▽
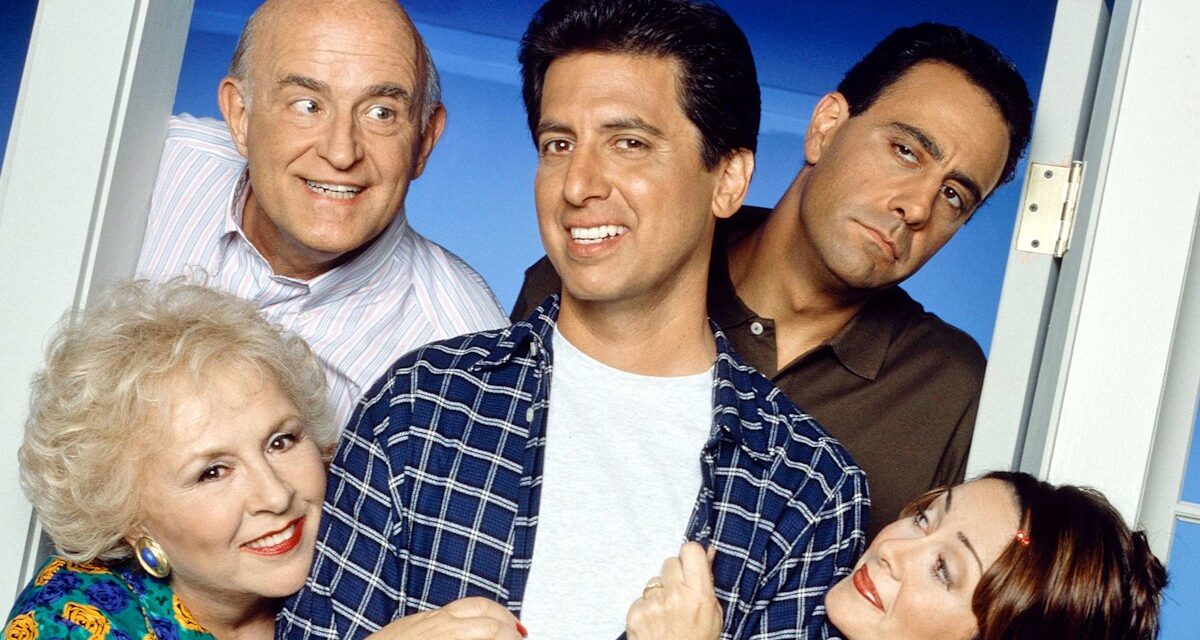 Découvrez le casting de Tout le monde aime Raymond d&rsquo;hier et d&rsquo;aujourd&rsquo;hui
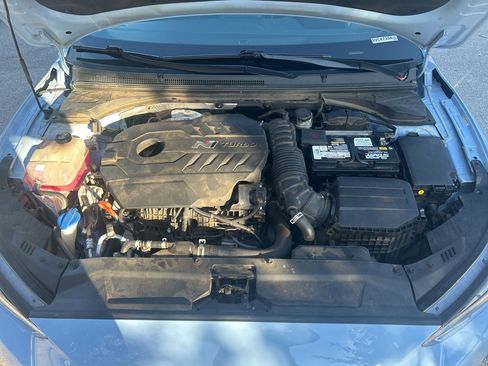 Used 2022 Hyundai Veloster N image 28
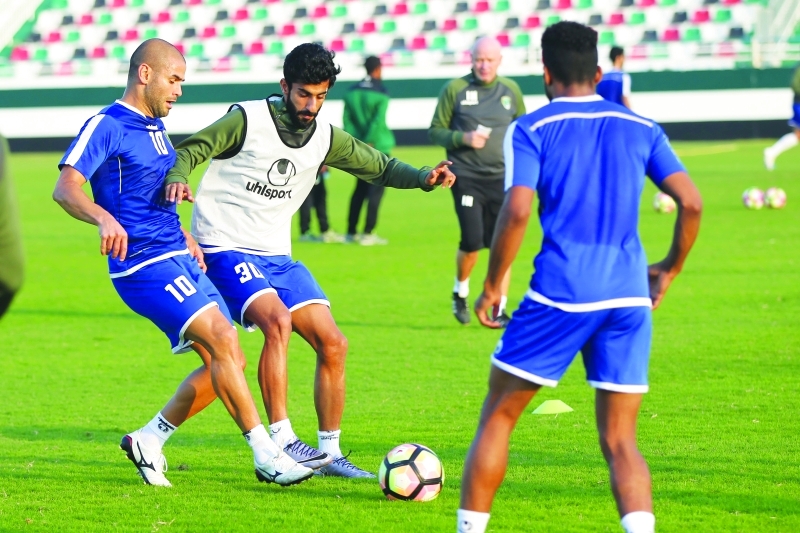 "لقطة من مران الصقور أمس الأول"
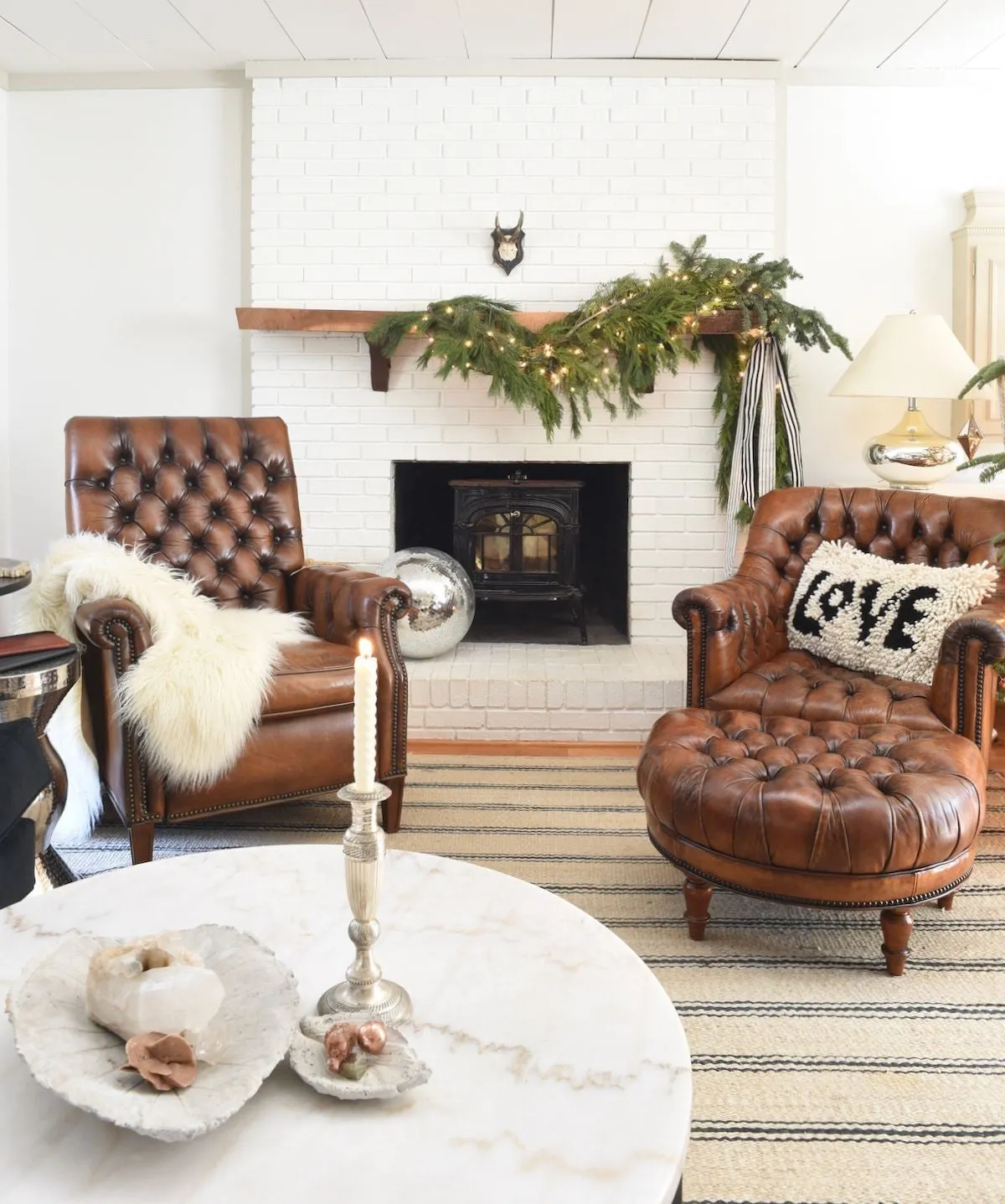 Tufted Leather Lounge Chair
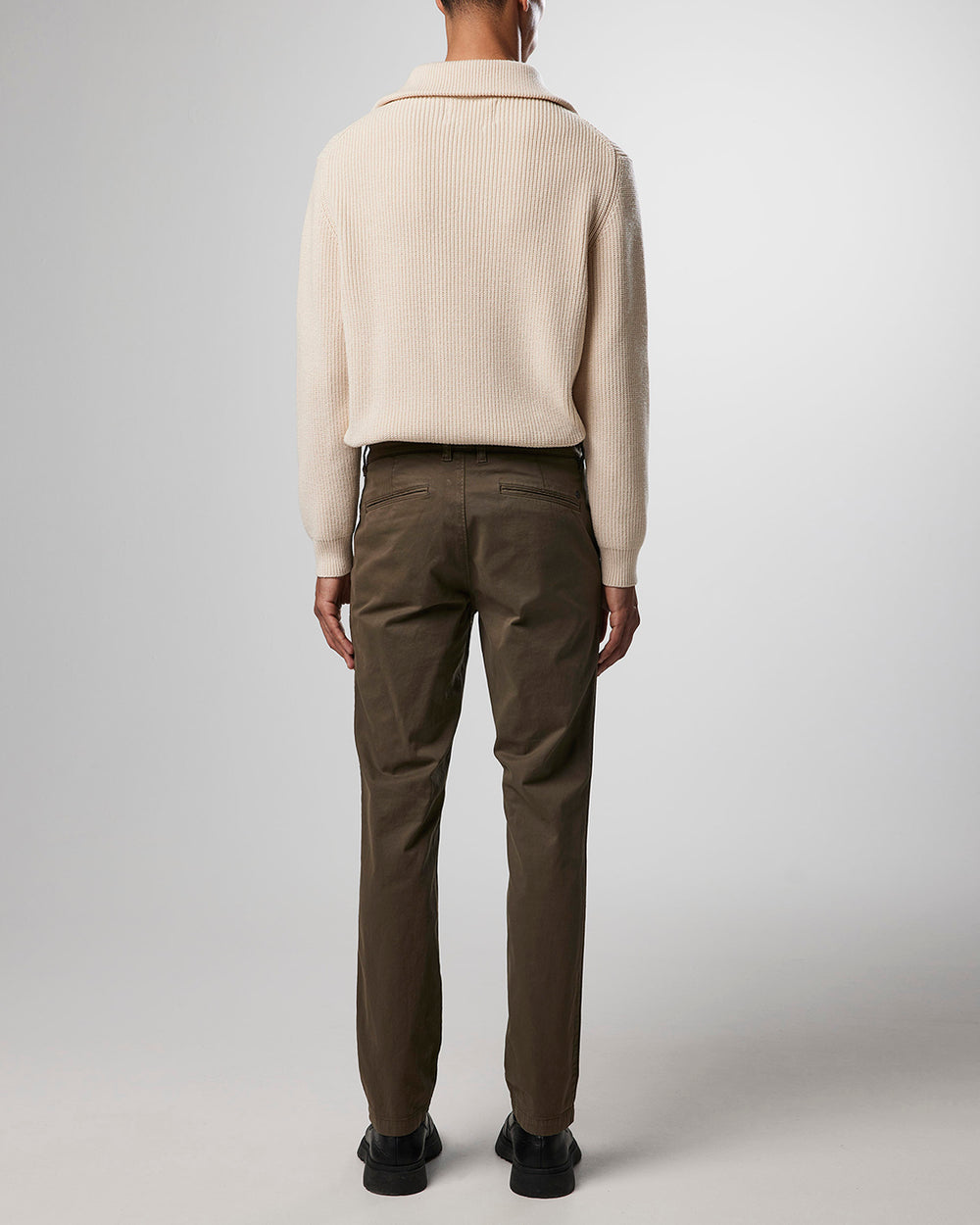 NN07 - Marco 1400 Classic Chino in Khaki Grey | Buster McGee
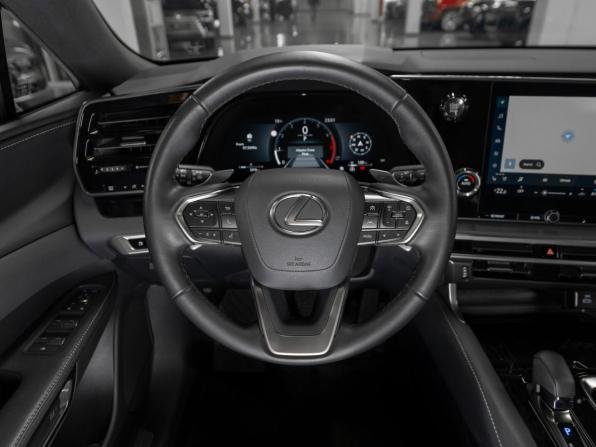 Lexus RX V с пробегом 2025 года, цена 7 400 000 рублей, 5371 км, внедорожник, Автокод Объявления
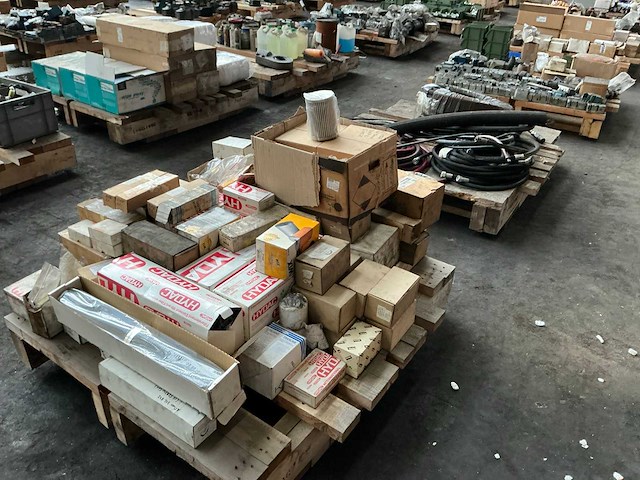 Partij diverse onderdelen - afbeelding 4 van  12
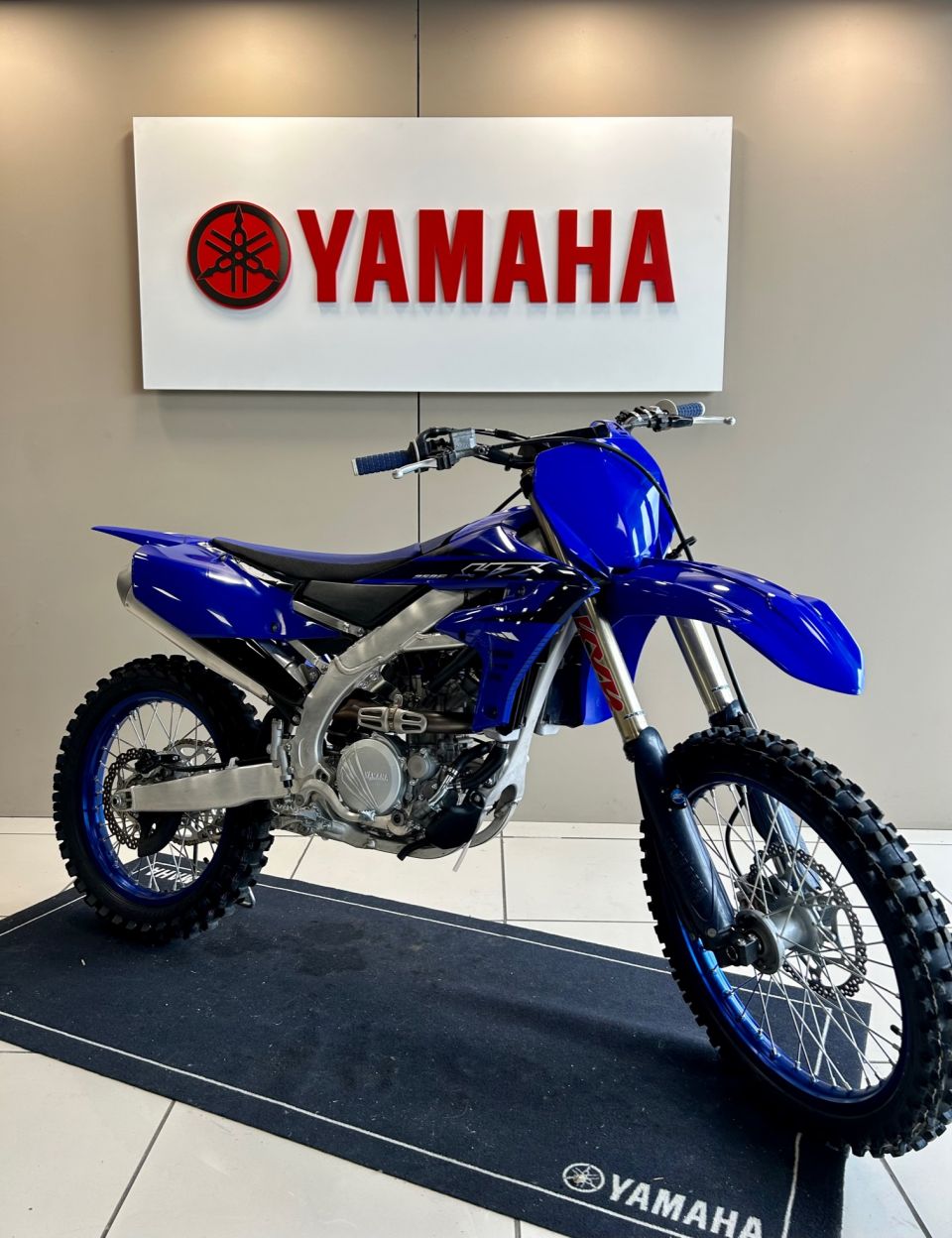 YAMAHA YZ250F 4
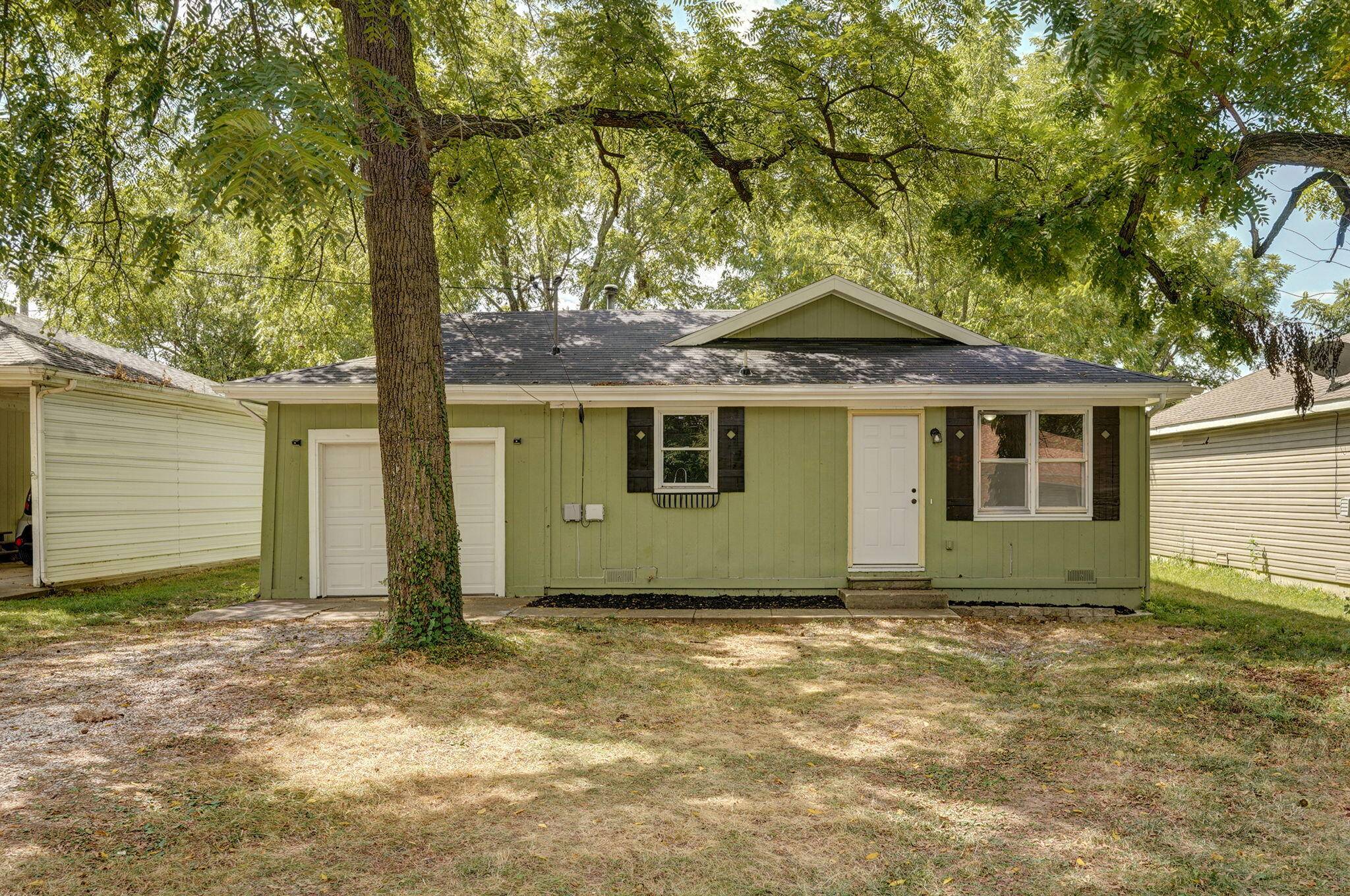 Springfield, MO 65802,2956 W Lynn ST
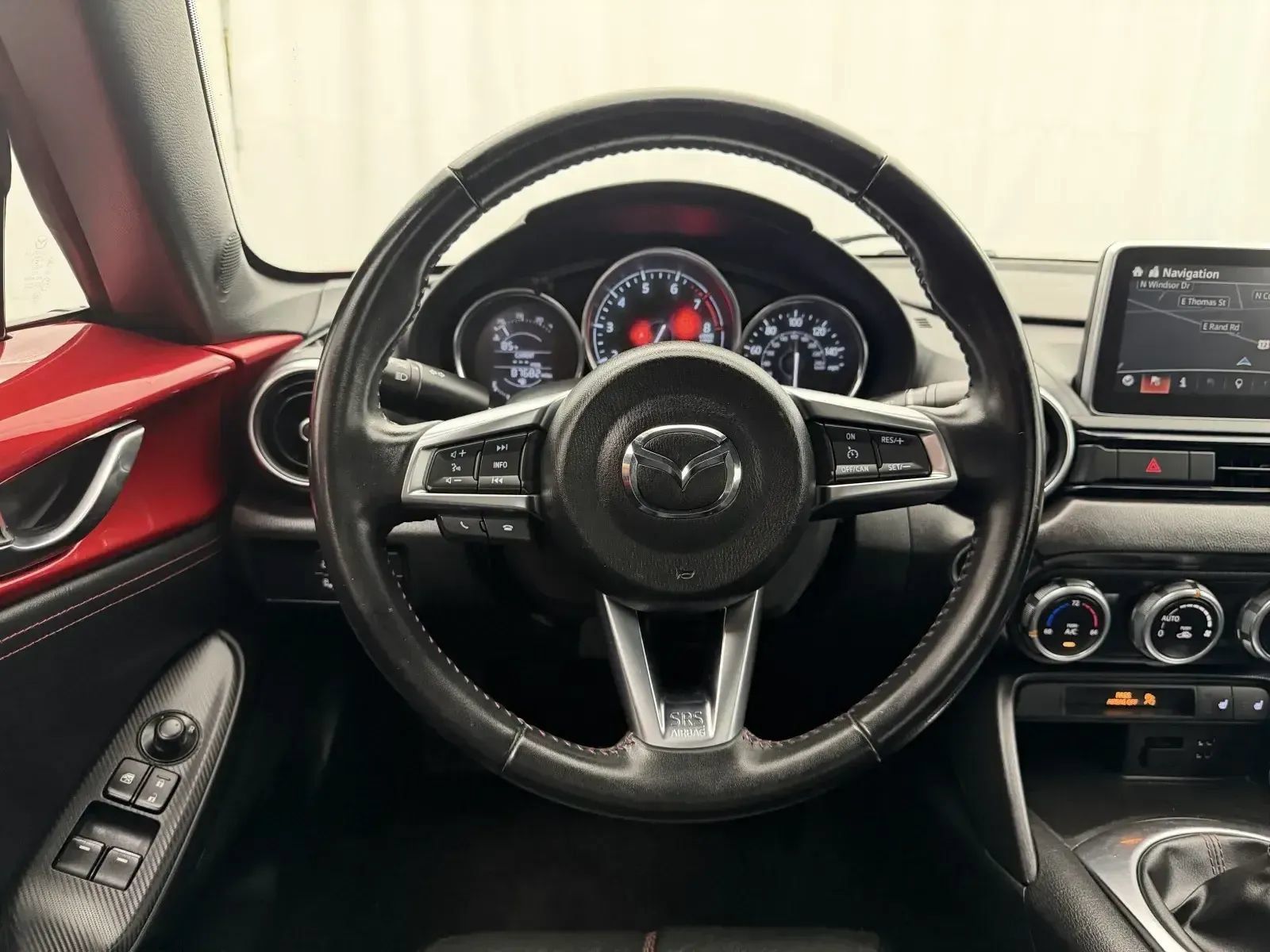 Used 2016 MAZDA MX-5 Miata Grand Touring RWD image 18
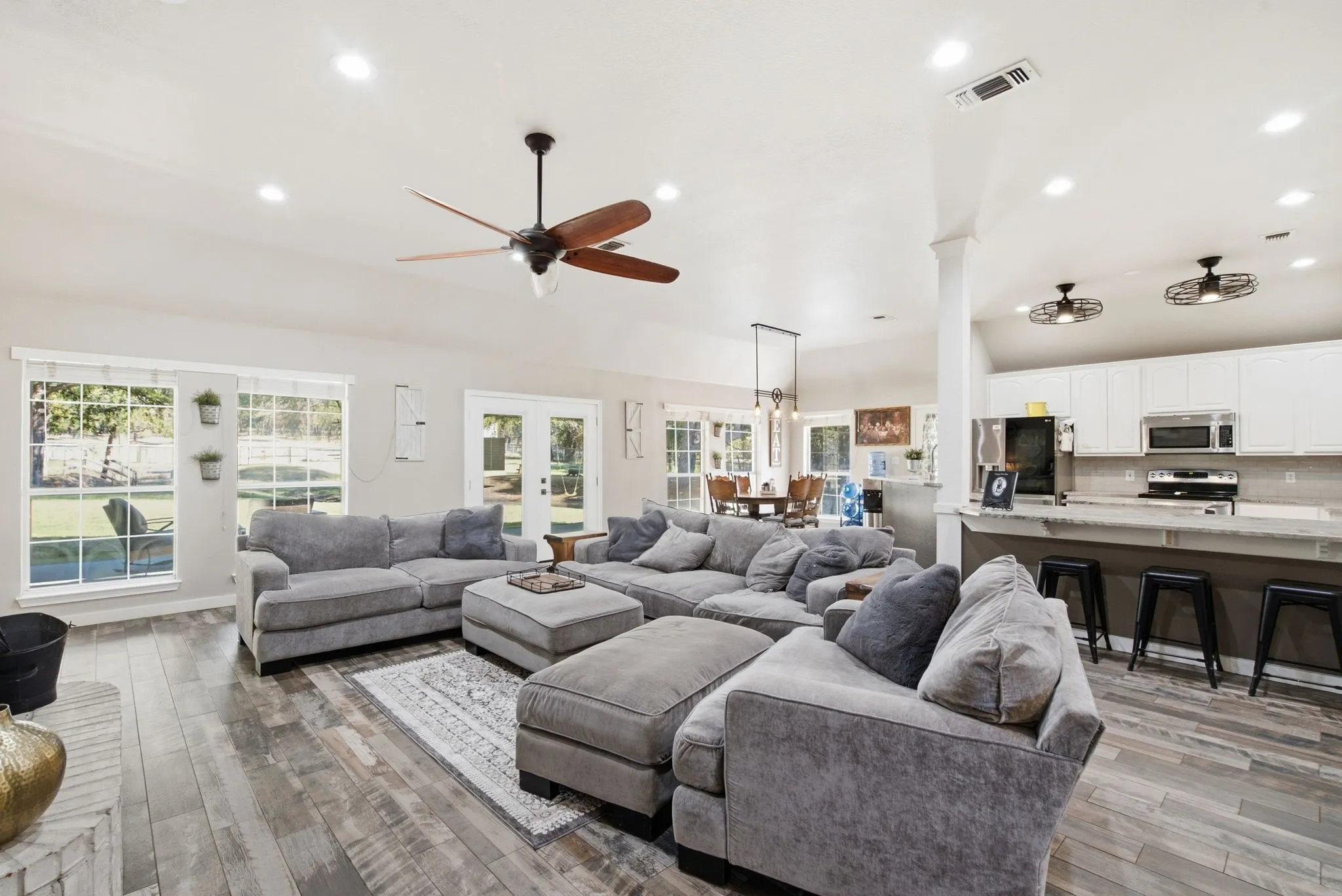 Single Family Residence For Sale in Parker County , 210 Saddle Club Road, Weatherford, Texas 76088, 4 Bedroom, 2 Bathroom, 1 Garage spaces, 2,425 Sqft, built in 2002, mls#21406978, Real Estate Agent in Weatherford, Homes For Sale in Parker county, Homes For Sale in Weatherford, Realtor in Weatherford Texas, Real Estate Brokerage Independent Realty Texas, Luminita Cordes Realtor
△
→ **EXERCISE DESCRIPTION**
Leave the images out and give the rest of the data again exactly.

→ **ANSWER AREA**
 Découvrez le casting de Tout le monde aime Raymond d&rsquo;hier et d&rsquo;aujourd&rsquo;hui
 Used 2022 Hyundai Veloster N image 28
 "لقطة من مران الصقور أمس الأول"
 Tufted Leather Lounge Chair
 NN07 - Marco 1400 Classic Chino in Khaki Grey | Buster McGee
 Lexus RX V с пробегом 2025 года, цена 7 400 000 рублей, 5371 км, внедорожник, Автокод Объявления
 Partij diverse onderdelen - afbeelding 4 van  12
 YAMAHA YZ250F 4
 Springfield, MO 65802,2956 W Lynn ST
 Used 2016 MAZDA MX-5 Miata Grand Touring RWD image 18
 Single Family Residence For Sale in Parker County , 210 Saddle Club Road, Weatherford, Texas 76088, 4 Bedroom, 2 Bathroom, 1 Garage spaces, 2,425 Sqft, built in 2002, mls#21406978, Real Estate Agent in Weatherford, Homes For Sale in Parker county, Homes For Sale in Weatherford, Realtor in Weatherford Texas, Real Estate Brokerage Independent Realty Texas, Luminita Cordes Realtor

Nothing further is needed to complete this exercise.